About this exercise> Search the records for the line with "When you type". Output that line and each line after it, exactly, and stop at the end; omit pictures.

Start of Input records

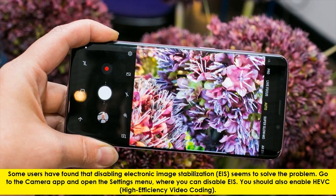Some users have found that disabling electronic image stabilization, EIS, seems to solve the problem. Go to the camera tab and open the settings menu, where you can disable EIS. You should also enable HEVC, high efficiency video coding.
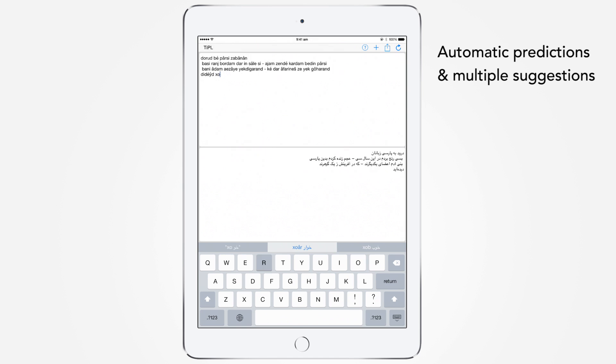When you type the word 'Khordai', Tipple provides two options. You can choose the appropriate option by tapping on it.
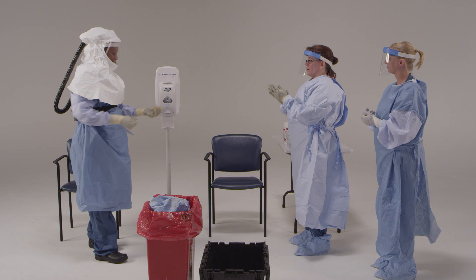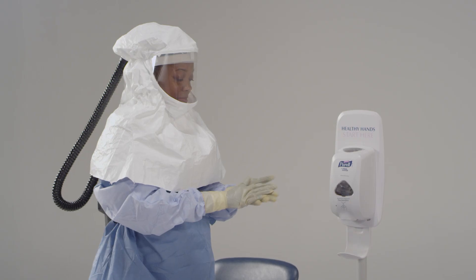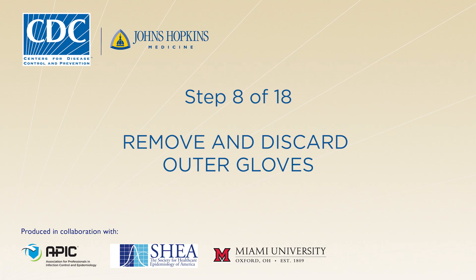Now you will need to disinfect your outer gloves with an EPA-registered disinfectant wipe or an alcohol-based hand rub. In the next step, you're going to remove your outer gloves — please do this slowly and carefully to avoid contaminating or tearing your inner gloves.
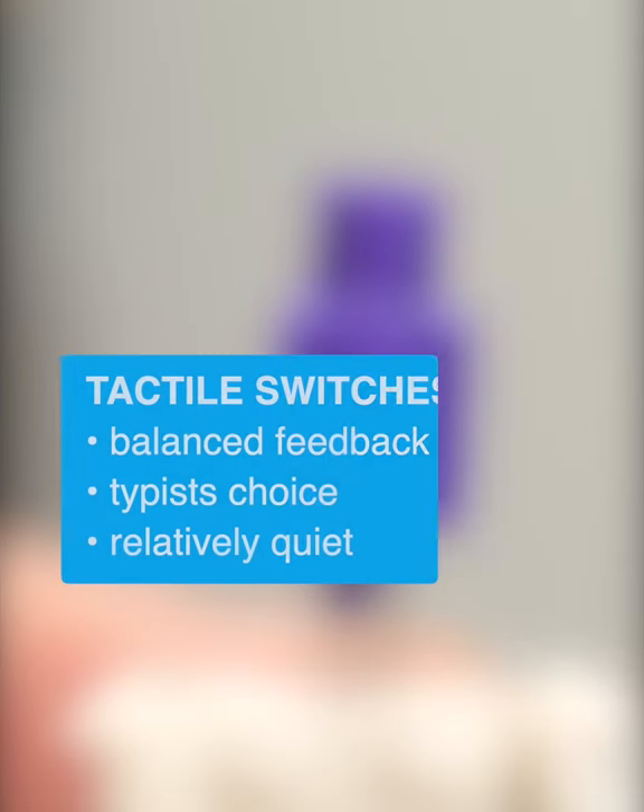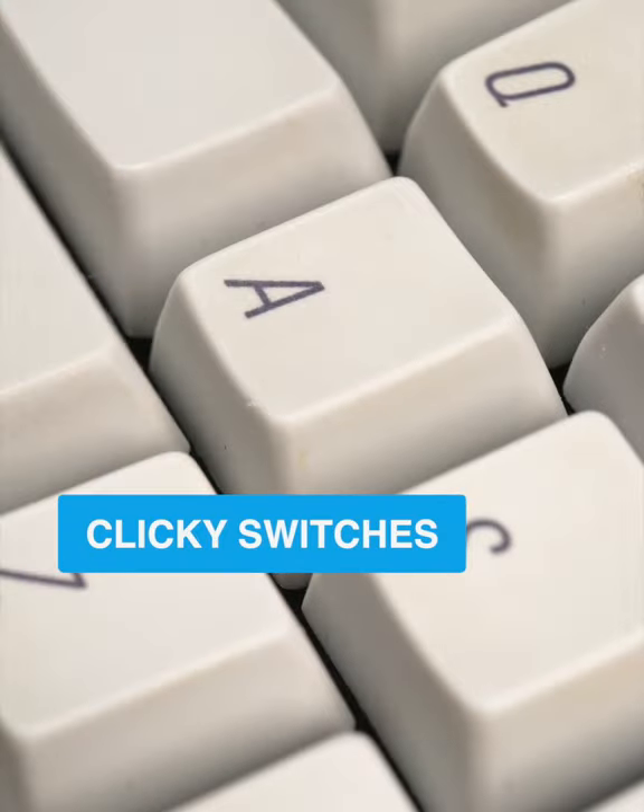Tactile switches are a balanced option, good for long typing sessions, and they're relatively quiet in comparison to clicky switches. As the name implies,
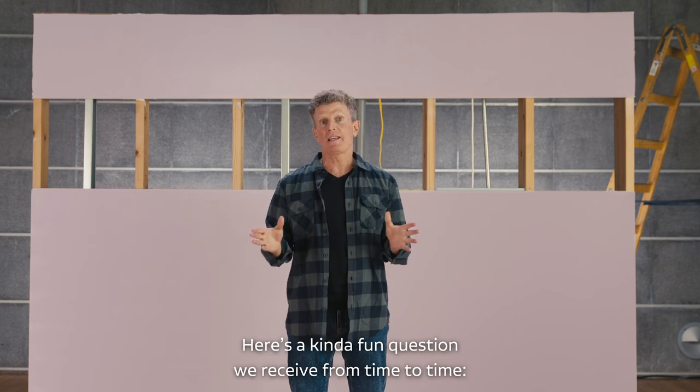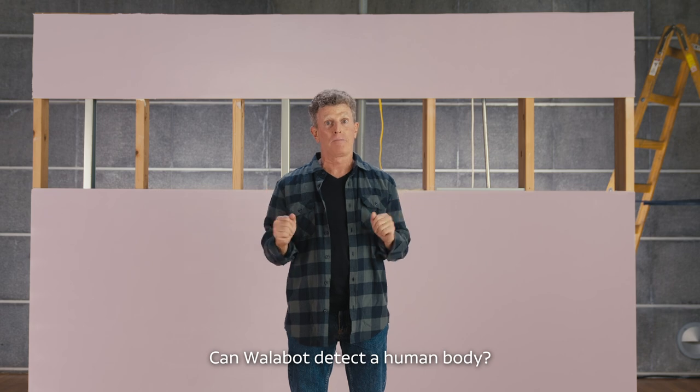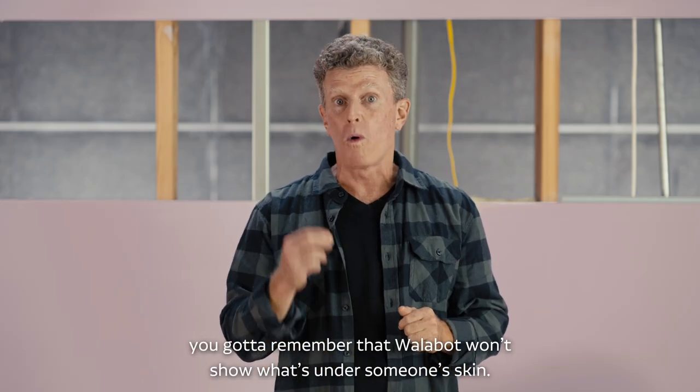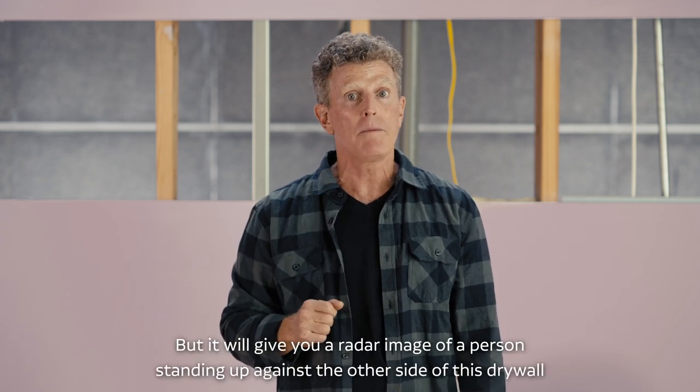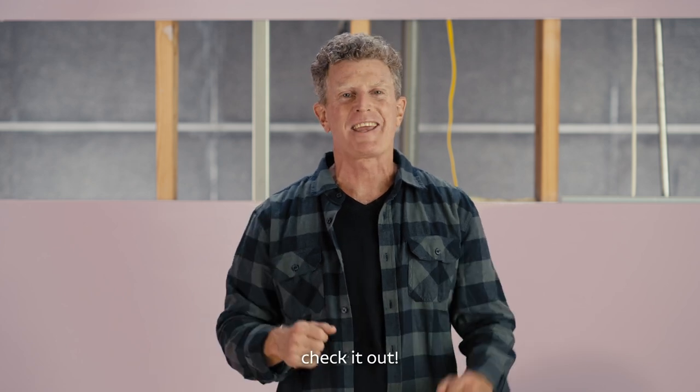Here's a kind of fun question we receive from time to time: Can Walabot detect a human body? So first off, you gotta remember that Walabot won't show what's under someone's skin. But it will give you a radar image of a person standing up against the other side of this drywall. Check it out.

End of Input records

Result of the task>
When you type the word 'Khordai', Tipple provides two options. You can choose the appropriate option by tapping on it.
Now you will need to disinfect your outer gloves with an EPA-registered disinfectant wipe or an alcohol-based hand rub. In the next step, you're going to remove your outer gloves — please do this slowly and carefully to avoid contaminating or tearing your inner gloves.
Tactile switches are a balanced option, good for long typing sessions, and they're relatively quiet in comparison to clicky switches. As the name implies,
Here's a kind of fun question we receive from time to time: Can Walabot detect a human body? So first off, you gotta remember that Walabot won't show what's under someone's skin. But it will give you a radar image of a person standing up against the other side of this drywall. Check it out.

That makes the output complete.